--- START ---

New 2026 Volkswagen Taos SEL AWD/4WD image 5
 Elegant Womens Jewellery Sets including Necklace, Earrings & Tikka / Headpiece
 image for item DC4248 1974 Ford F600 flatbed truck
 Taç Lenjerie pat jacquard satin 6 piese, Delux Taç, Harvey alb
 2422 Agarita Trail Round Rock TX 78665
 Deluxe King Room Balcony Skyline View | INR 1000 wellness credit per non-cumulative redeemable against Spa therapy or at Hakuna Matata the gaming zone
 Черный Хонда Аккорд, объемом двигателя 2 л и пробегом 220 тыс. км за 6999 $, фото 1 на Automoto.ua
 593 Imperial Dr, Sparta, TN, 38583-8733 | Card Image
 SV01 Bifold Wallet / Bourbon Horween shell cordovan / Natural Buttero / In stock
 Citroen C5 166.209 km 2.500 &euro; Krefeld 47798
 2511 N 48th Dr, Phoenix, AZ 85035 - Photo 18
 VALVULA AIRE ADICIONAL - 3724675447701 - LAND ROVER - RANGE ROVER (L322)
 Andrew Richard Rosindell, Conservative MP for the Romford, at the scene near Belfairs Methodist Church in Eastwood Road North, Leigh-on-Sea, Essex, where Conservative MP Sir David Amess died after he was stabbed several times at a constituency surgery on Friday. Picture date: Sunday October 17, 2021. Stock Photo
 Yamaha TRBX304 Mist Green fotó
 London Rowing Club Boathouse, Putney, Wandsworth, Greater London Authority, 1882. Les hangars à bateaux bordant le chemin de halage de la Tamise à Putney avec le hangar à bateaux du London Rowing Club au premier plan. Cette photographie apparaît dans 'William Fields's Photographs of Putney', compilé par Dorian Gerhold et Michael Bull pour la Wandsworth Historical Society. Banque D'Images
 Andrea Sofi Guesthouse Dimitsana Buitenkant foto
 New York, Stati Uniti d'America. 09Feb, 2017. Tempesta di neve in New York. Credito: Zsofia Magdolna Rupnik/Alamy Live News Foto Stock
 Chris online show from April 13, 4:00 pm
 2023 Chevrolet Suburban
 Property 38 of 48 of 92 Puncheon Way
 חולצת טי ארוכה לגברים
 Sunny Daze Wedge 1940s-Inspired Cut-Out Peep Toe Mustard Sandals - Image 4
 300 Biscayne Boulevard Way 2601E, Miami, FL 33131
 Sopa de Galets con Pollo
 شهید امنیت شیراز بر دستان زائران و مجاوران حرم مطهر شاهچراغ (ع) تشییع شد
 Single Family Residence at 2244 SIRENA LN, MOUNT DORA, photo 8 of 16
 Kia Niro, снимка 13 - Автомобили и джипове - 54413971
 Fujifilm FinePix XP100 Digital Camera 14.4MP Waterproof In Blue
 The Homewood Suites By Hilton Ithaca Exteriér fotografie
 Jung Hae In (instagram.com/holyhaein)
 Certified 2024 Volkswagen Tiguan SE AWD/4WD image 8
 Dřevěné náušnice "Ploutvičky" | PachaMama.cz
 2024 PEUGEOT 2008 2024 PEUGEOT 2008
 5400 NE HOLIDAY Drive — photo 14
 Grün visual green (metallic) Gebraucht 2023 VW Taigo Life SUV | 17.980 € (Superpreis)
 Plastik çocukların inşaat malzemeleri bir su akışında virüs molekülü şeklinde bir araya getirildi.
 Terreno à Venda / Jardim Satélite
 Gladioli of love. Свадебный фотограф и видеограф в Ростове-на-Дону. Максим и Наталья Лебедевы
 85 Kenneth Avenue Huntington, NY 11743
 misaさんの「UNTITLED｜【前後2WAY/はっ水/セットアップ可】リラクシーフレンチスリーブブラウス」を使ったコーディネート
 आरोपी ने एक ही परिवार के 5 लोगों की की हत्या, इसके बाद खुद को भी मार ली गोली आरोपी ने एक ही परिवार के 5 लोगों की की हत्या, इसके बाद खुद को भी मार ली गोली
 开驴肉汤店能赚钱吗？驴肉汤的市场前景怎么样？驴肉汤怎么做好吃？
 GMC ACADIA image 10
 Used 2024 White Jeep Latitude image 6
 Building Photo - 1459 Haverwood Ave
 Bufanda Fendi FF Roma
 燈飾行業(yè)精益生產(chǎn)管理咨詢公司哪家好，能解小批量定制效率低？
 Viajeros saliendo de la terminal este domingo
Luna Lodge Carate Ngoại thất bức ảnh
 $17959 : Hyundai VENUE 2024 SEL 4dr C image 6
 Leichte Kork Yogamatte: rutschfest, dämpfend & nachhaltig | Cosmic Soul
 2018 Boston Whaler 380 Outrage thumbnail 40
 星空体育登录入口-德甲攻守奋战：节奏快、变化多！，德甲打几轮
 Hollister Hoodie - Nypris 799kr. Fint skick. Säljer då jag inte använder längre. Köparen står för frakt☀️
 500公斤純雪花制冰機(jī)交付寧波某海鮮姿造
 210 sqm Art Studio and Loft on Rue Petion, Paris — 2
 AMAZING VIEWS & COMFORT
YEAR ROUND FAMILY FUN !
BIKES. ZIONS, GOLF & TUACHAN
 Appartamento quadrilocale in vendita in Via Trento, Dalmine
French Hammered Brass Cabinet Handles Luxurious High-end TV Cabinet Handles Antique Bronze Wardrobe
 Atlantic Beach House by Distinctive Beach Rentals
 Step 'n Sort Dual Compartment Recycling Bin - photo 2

--- END ---

• Exercise instructions: Only the lines containing the word "Volkswagen" should be returned from the data above.

• Solution to the problem:
New 2026 Volkswagen Taos SEL AWD/4WD image 5
 Certified 2024 Volkswagen Tiguan SE AWD/4WD image 8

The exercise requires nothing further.